Per lavorare a Singapore esistono poi altri due tipi di visto che possono essere richiesti direttamente dal candidato senza la mediazione del datore di lavoro: il Personal Employment Pass, pensato per professionisti che risiedano ancora all’estero con un entrata fissa mensile superiore a $18.000 (circa 11 mila euro) oppure per possessori di un Employment Pass che guadagnino almeno $12.000 mensili (7.400€ circa). E, infine, l’Entrepass, pensato per imprenditori stranieri che intendano iniziare e svolgere un nuovo business a Singapore. I criteri di eleggibilità per ottenere questo visto sono numerosi e complessi ed è consigliabile consultare il sito del ministero del lavoro che offre una panoramica molto accurata.

La ricerca del lavoro per posizioni meno qualificate passa innanzitutto attraverso diverse piattaforme online che fanno da aggregatori per le varie aziende (mycareer.com è una di queste). Le offerte qui pubblicizzate, però, sono spesso riservate ai cittadini singaporiani o ai permanent resident, come vengono definiti gli stranieri naturalizzati e per le posizioni che richiedano un contatto con il pubblico è spesso richiesto un livello di mandarino fluente.

I ruoli manageriali e quelli più qualificati difficilmente passano attraverso questi canali ma la ricerca è affidata quasi esclusivamente ad headhunter internazionali. Per la ricerca del lavoro anche da questa parte del mondo poi LinkedIn occupa un ruolo di primo piano.

Competitività, meritocrazia ma meno tutele per i lavoratori

Il mondo del lavoro è fluido e meritocratico e tende a valorizzare le eccellenze assicurando retribuzioni adeguate al livello di preparazione e di esperienza dei candidati ma è un mondo molto, molto competitivo, che va veloce ed è concentrato sulla produttività delle aziende: scarsa attenzione è riservata all’aspetto sociale dell’impiego.

Esistono anche qui dei contratti generali di lavoro diversi per le diverse categorie di impiegati, tuttavia la disciplina è minima ed è decisamente meno tutelante per il lavoratore di quanto non siamo abituati a vedere in Italia.
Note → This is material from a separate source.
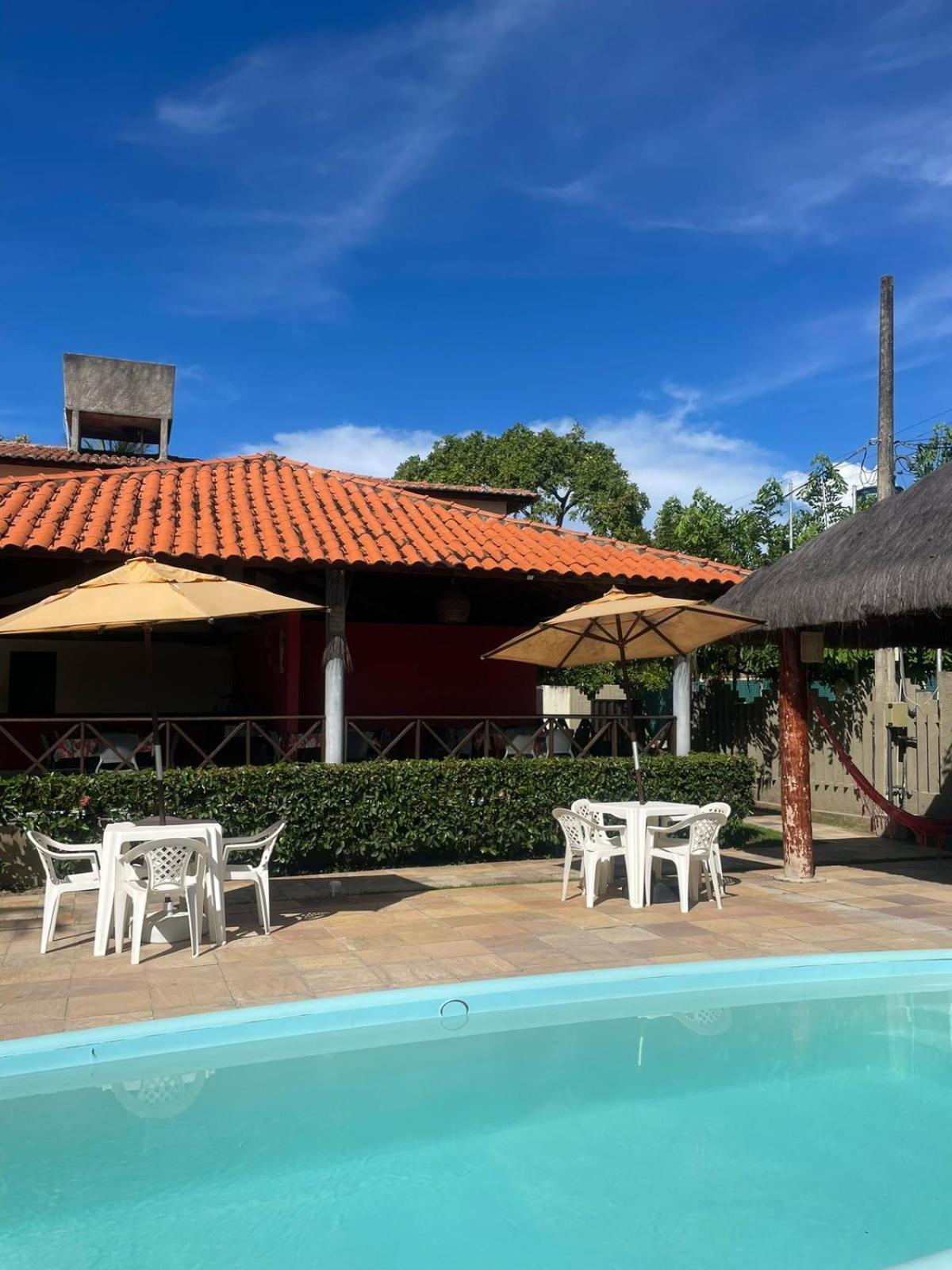 Pousada Solar Da Praia Tamandaré Exteriér fotografie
Per esempio, la disciplina del contratto di lavoro di impiegati nel settore dei servizi prevede turni di lavoro di norma di nove ore che possono arrivare ad essere di 12 ore senza retribuzione straordinaria, si ha diritto ad un solo giorno di riposo a settimana (non retribuito), mentre i giorni di ferie non sono neppure contemplati perché sono lasciati alla negoziazione delle parti.
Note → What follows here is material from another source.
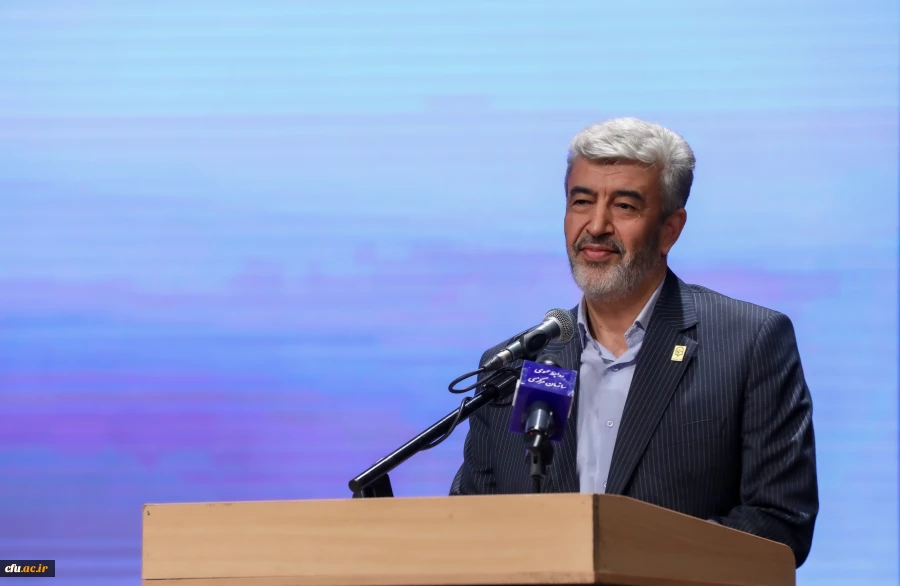 جشن دانش آموختگی ورودی های ۱۳۹۹ 4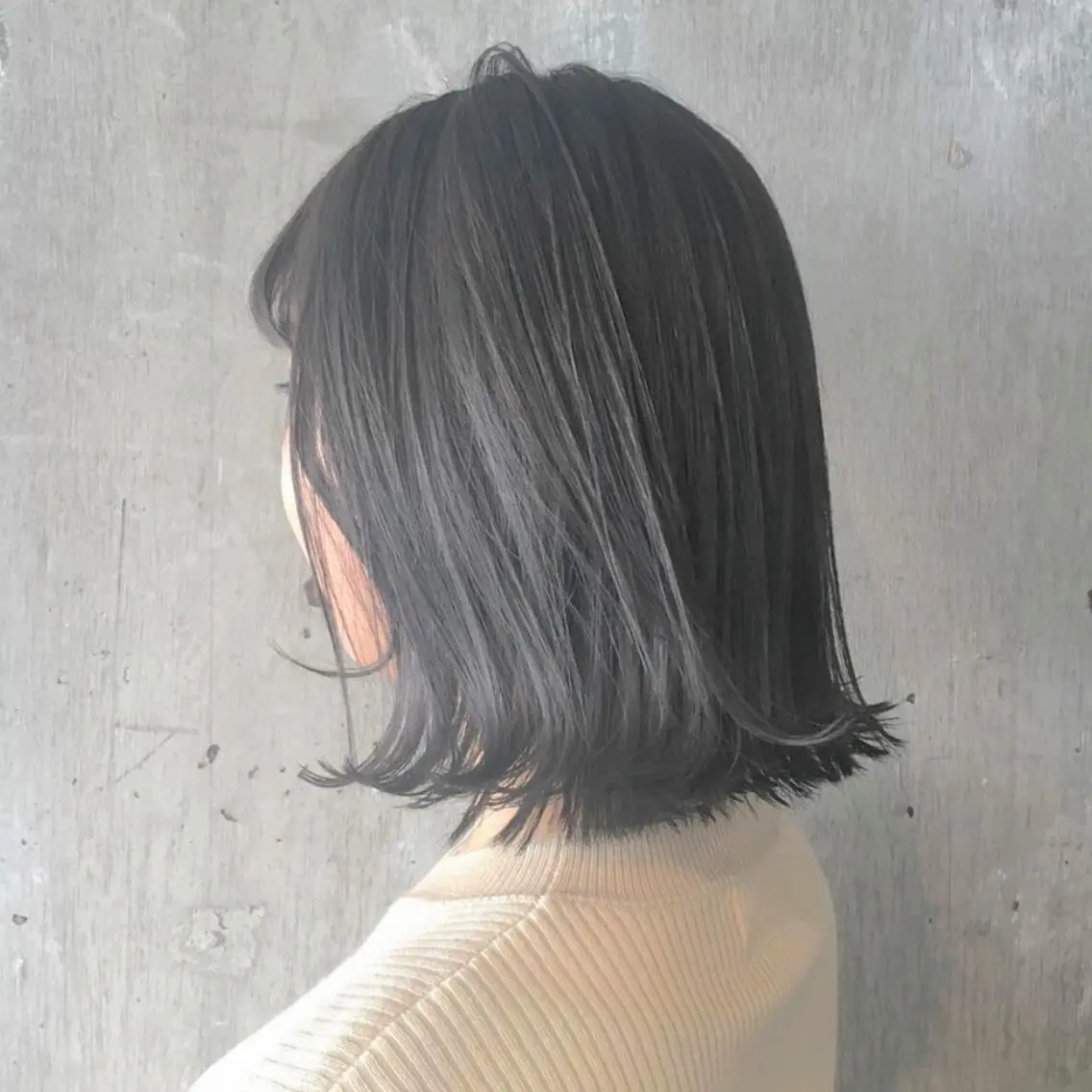 ミディアム カラー ✾ kozueのヘアスタイル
Questa disciplina di base è applicabile esclusivamente ad impiegati che abbiano uno stipendio base non superiore ai $2500 (circa 1500€). Lavorare a Singapore con ruoli dirigenziali o  impiegatizi ma con stipendio base più alto, implica che la disciplina del rapporto di lavoro è completamente lasciata alla libera negoziazione tra le parti.

Per chiunque sia stanco della vecchia Europa questo piccolo paradiso tropicale è senz’altro una valida alternativa da prendere in considerazione, tuttavia partire senza una valida offerta di lavoro in mano potrebbe non rivelarsi una buona idea.